If we need to shift from the text to the code or from the code to the text it is fundamental to investigate the relationship between language and law, and in general between signs and legal norms. There is a dense debate on the language of law (Oppenheim, Hart, Bobbio, Ross, Scarpelli, Olivecrona, Conte, Kalinowski, Wróblewski, Marmor, Schauer) and how an abstract statement (norm) is transformed in textual proposition (speech acts) and how it evolves over time (e.g., interpretation), and finally how logic language can model it in a formal manner. The newly developed format of smart contracts has emerged. It is immediately executable, thus the translation from the text to the code being a crucial step. We intend to involve computational linguists and semiotic experts working with philosophers of law to investigate the proxy role of the legal language in the normative and prescriptive action. We need to understand which methodology is solid enough to guarantee a correct translation to not to manipulate or degrade the legal knowledge. RQ5: is the natural language convertible in another programming language without losing legal knowledge and semantic? RQ6: is it possible to translate legal norms in visual symbols or in experience (e.g., augmented reality) to better communicate with the end user?

Define Constitutional legitimacy of the digital legal sources and its e-enforceability

We intend to investigate the constitutional and parliamentary law perspective (Lupo 2020, Pollicino 2021) in case we want to support the thesis that the coding law is a legitimate, authentic, and official Legal Source (like the text in the Official Gazette). We want to also investigate the implications of this paradigm shift in all the legal system workflow, including the judiciary system. It is also important to understand the enforceability of the consumable-Law and whether emerging technology (e.g., smart contract) permits to implement automatic enforceability (e-enforceability). RQ7: which constitutional and parliamentary foundations are necessary to implement a machine-consumable approach in law-making system?
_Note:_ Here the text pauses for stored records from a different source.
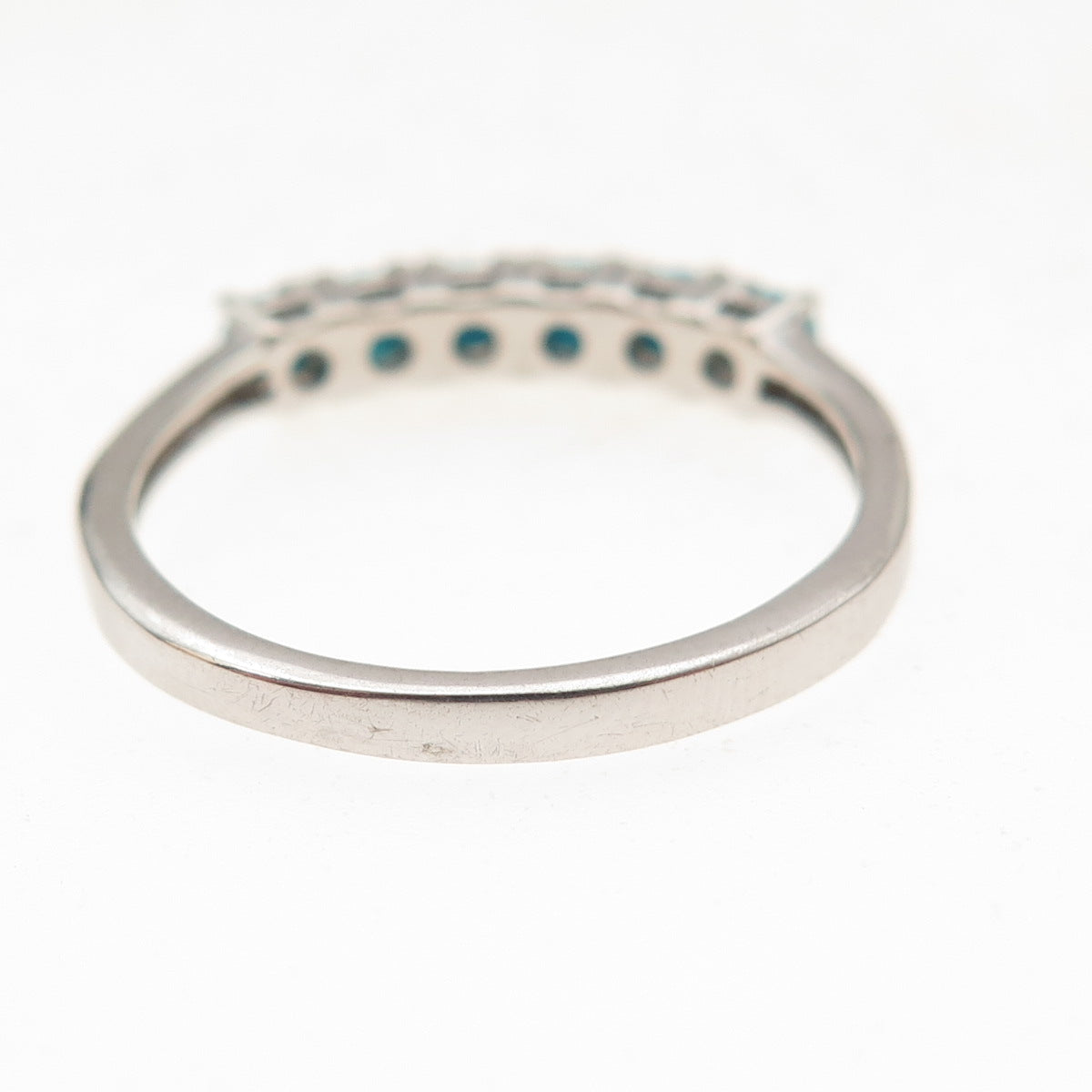 Chuck Clemency 925 Sterling Silver Real Sleeping Beauty Turquoise Ring Size 8.25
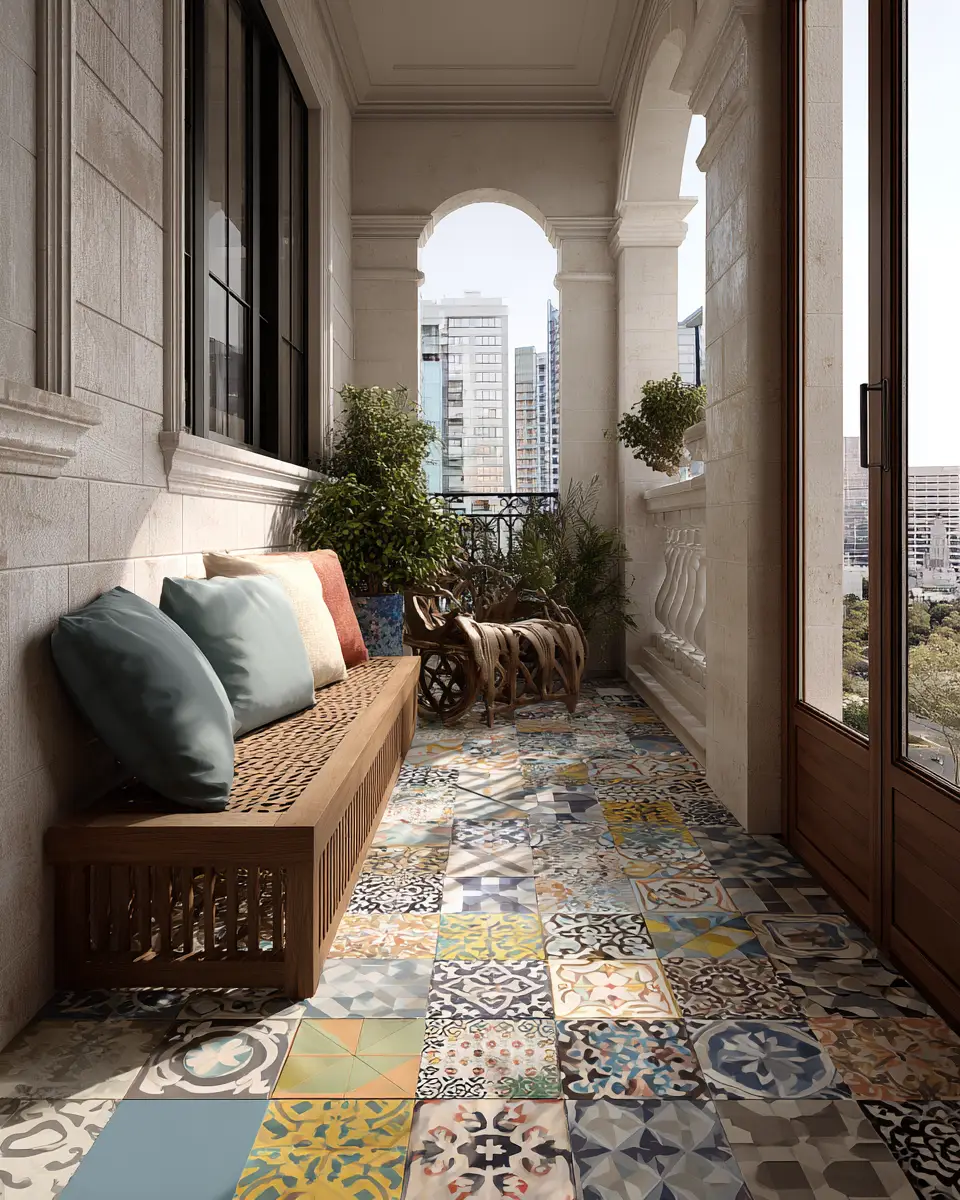 Patterned Balcony Decor Ideas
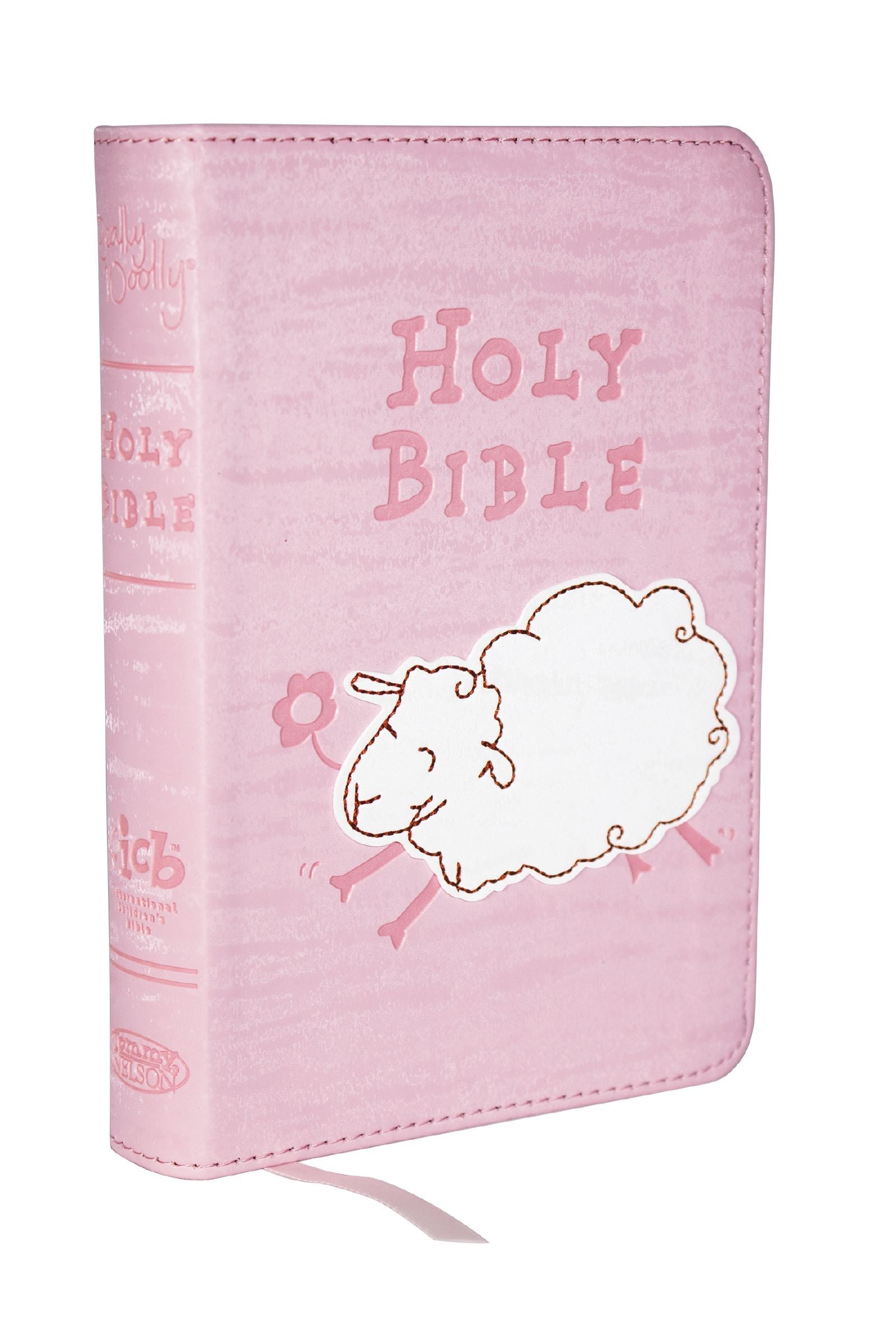 Pink Really Woolly Holy Bible by ICB, Bible for Kids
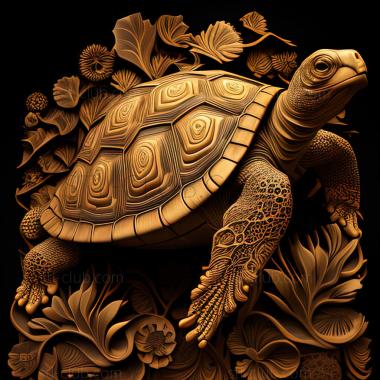 3D model st Advaita turtle famous animal (STL)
RQ8: which enforceability principles are necessary for the machine-consumable automatic law enforceability (e-enforceability)?

Implement Better Regulation with Legal Design

We want to investigate which simplification forms we can adopt to visualize the machine-consumable law in a human-consumable manner for implementing simplification, better regulation principles, transparency, and accessibility. Visualization is another form of translation of the legal norms (like the logic formula and the language codification), so we need to understand which Human-Computer-Interaction instruments we can use to implement the Legal Design principles and preserve the normative message. Finally, we need to also investigate the role of “explicit non-linguistic norms.” RQ9: which foundations of philosophy of law and semiotics are necessary for preserving the ontological meaning of the law norm when it is translated in visual symbols? RQ10: which Legal Design/HCI methods should we develop for making the law “better” and “simple” but in the meantime to not lose in semantic and in expressivity?